Thread: Add information to rm_redo_error_callback()

Add information to rm_redo_error_callback()

From
"Drouvot, Bertrand"
Date:
Hi hackers,

I've attached a small patch to add information to rm_redo_error_callback().

The changes attached in this patch came while working on the "Add 
information during standby recovery conflicts" patch (See [1]).

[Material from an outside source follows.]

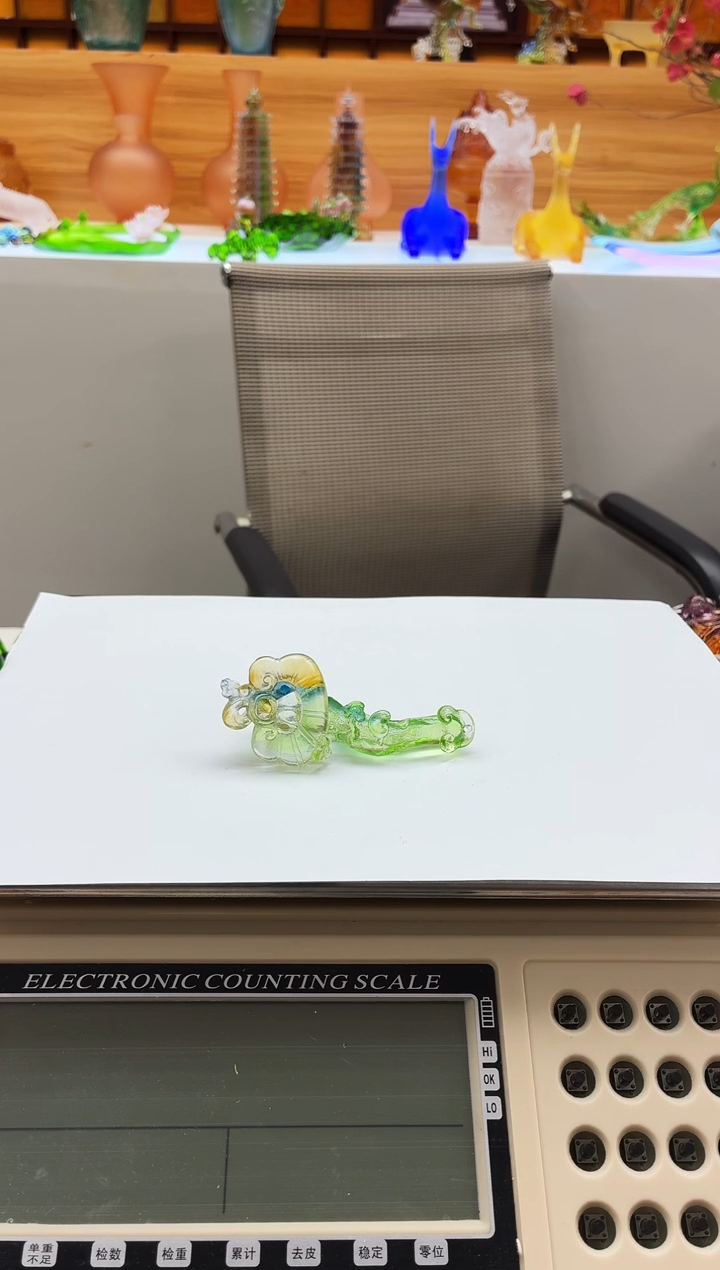 手工艺品琉璃绿色如意车挂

The goal is to add more information during the callback (if doable), so 
that something like:

2020-08-04 14:42:57.545 UTC [15459] CONTEXT:  WAL redo at 0/4A3B0DE0 for 
Heap2/CLEAN: remxid 1168

would get extra information that way:

2020-08-04 14:42:57.545 UTC [15459] CONTEXT:  WAL redo at 0/4A3B0DE0 for 
Heap2/CLEAN: remxid 1168, blkref #0: rel 1663/13586/16850 fork main blk 0

As this could be useful outside of [1], a dedicated "sub" patch has been 
created (thanks Sawada for the suggestion).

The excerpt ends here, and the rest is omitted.